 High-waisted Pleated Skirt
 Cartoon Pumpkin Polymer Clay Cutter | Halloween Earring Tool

* * *

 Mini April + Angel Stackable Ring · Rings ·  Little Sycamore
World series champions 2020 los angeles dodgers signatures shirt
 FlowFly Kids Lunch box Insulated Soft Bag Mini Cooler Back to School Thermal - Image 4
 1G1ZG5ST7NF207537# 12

* WHAT IS BEING ASKED *
Here the output must be the lines above from the line with "High-waisted Pleated Skirt" to the line with "Cartoon Pumpkin Polymer", both included, duplicated word for word and nothing else.

* SOLVED PROBLEM *
 High-waisted Pleated Skirt
 Cartoon Pumpkin Polymer Clay Cutter | Halloween Earring Tool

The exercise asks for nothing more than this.